Watching the military
North Korea does not have a succession mechanism in place. Kim was the obvious pick after his father died, but there is no obvious heir for succeeding Kim. His death could lead to the collapse of his regime.

It is more likely, however, that with the death of Kim, the military will take power. That’s bad new for the West: the North Korean military is strongly against giving up its nuclear program.

What can the U.S. do
It is always possible (and maybe likely) Kim is still alive. Our current policy run by Christopher Hill should continue until death is confirmed or denied. With any new leaders, a wait-and-see approach should be adopted: will they be reformers?

All we can do is wait.

Friday, August 29, 2008

Sarah Palin: A Smart Move… Or Not?

In case you haven’t heard by now, Alaska Governor Sarah Palin has been chosen as John McCain’s running mate for the presidency. Palin has had more than one success during her short term (so far) as governor:

• Exposing ethical violations among Alaskan Republican leaders
• Canceling pork projects, including the ‘bridge to no where’
• Maintaining a 60% approval rating – she’s a “true conservative”
• Coining the term ‘VPILF

A good choice then?
Maybe. As one anonymous Digg commentator put it:
"[T]his is a brilliant move by McCain:

1. She would be the only candidate with executive experience (McCain, Biden, Obama only have legislative experience)
2. Appeals to conservatives
3. Will channel the women vote, and Hillary supporters' in particular
4. Charismatic, smart, principled, dedicated, American all the way
5. Younger than Obama
6. Wow factor: will definitely embellish the ticket ;)"

Or maybe not?
However, Palin carries some serious baggage. As one anonymous Redditor put it:
"In one move McCain took experience off the table, fired a shoot at his racist/misogynist supporters, doubled down on Big Oil, and made corruption an even bigger issue. It may well be game over."

To explain: Palin has very little experience – a criticism McCain has applied to Obama. Palin is close to Big Oil just by being governor of Alaska, and as well by trying to block polar bears from receiving protection under the Endangered Species Act. And as to the comment that she makes ‘corruption an even bigger issue’ – Palin has painted herself as huge on hunting down corruption, while at the same time she herself is under investigation.

What do you guys think?

Thursday, August 28, 2008

What to do about North Korea: A Conundrum

Reuters: North Korea to suspend nuclear disarmament

After months of progress in North Korea, the totalitarian regime in Pyongyang has decided to take a step backwards and is suspending the disablement of its nuclear program. North Korea wants the United States to take it off of the State Department’s list of state sponsors of terror, and the U.S. has said it will – once it verifies NK is disarming.

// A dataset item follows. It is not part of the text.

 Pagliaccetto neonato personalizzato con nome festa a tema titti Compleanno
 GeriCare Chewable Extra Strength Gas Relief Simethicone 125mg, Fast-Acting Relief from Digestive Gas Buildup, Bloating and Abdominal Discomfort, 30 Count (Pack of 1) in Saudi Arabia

Secretary of State Condoleezza Rice has said that Washington is in contact with North Korea trying to resolve this issue.

What North Korea is doing
Kim Jong-Il is trying to delay as much as possible. Pyongyang’s nuclear program is its most powerful negotiating card. He is reluctant to give it up. As well, his government is trying to get more out of the disarmament deal – namely, getting off the terror blacklist before full verifications are made.

Walking a fine line
Dealing with North Korea is a balancing act between being assertive enough without provoking a negotiations-ruining response and being acquiescent enough to get a deal done.

This conundrum makes it hard to tell what to do next.

A mechanism for verifying Pyongyang’s disarmament still needs to be set up: this should be the primary goal. During this crucial time, we must be careful not to needlessly provoke North Korea. However, that does not mean we should be weak.